Imperfection feels good. X

I always had it in my head that I would have a perfect life, perfect friends, someone with whom I can share all my deep dark secrets, a perfect boyfriend. I thought someday it’ll be this way and I would be perfect altogether. I just knew that’s the way it’s supposed to be.

Not.

Like in the beginning I used to force things to fit into the perfect picture I had in mind. But I usually ended up disappointed.

Eventually, I realized that some things look good in the movies and in the pages of a story book. They are fiction for a reason. Reality is so much different. It isn’t always so glamorous. Everything isn’t meant to be picture perfect.

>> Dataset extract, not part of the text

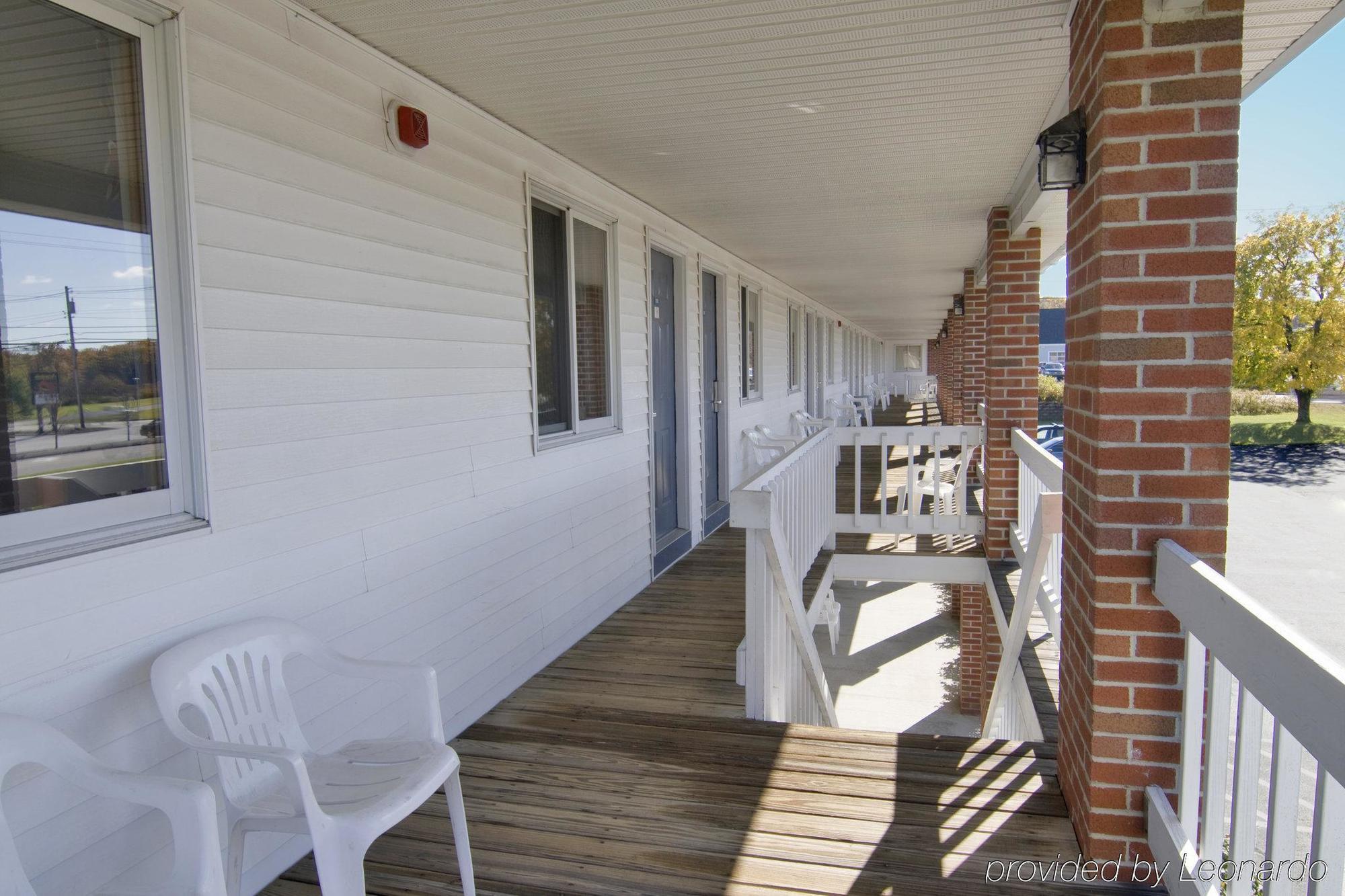 Americas Best Value Inn Biddeford Exterior photo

Oh yeah, let me tell you. I don’t really know what they call perfect friends, but I got some which are the best in the world. And my boyfriend and I share a relationship that is a hell lot better than any scriptwriter could ever imagine. And besides, they’re real.

<3

Friday, December 5, 2008

A castle of cards

My life is like building a castle of cards. I build my fairy-tale dreams just as carefully as you need to place the card to make them stay. And then, when I’m almost done, a small shake brings it all down, and I start all over again.

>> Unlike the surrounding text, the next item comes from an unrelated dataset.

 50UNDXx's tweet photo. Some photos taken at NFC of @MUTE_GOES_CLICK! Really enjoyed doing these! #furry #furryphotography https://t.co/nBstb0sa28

Well, its not as easy as it sounds. I dream of big things, and to see it crumble down is like so much painful. It sores my eye, it breaks me from the inside.

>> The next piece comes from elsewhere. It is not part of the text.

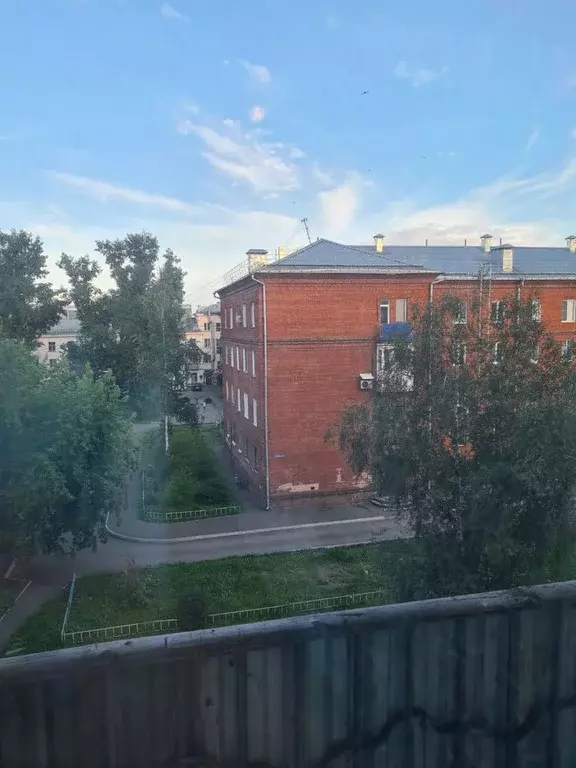 Комната Кемеровская область, Новокузнецк Фестивальная ул., 10 - Фото 2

I admit that sometimes I am the reason behind it, its my unsteadiness that brings the castle down, but mostly, it’s the wind. Its something beyond my control, and I’m unable to shield my dreams from it.

The night of 4th December, 2008. I had built the biggest stack of all. I was so damn happy, it stood so tall. And then came the strongest gush of wind. It broke the stack, it tore the cards into pieces, and a few flew straight to my heart and stung in so deep. I could feel the happiness drain out of my body, leaving me shaken, cold, weak. . .

Was it my fault? No. was it something under my control? No. did I ever do something to deserve this? I don’t know. Anguished cries of ‘why’ were echoing inside my head. I wanted answers to questions I never thought I’d ever ask. Everything seemed so perfect just a few minutes ago. Why did he have to do this? Was my love not enough?

I don’t think he knows the intensity of the pain he made me go through. Will I ever be able to get over this? Will I be able to forgive him? Surely I’ll try, but will I?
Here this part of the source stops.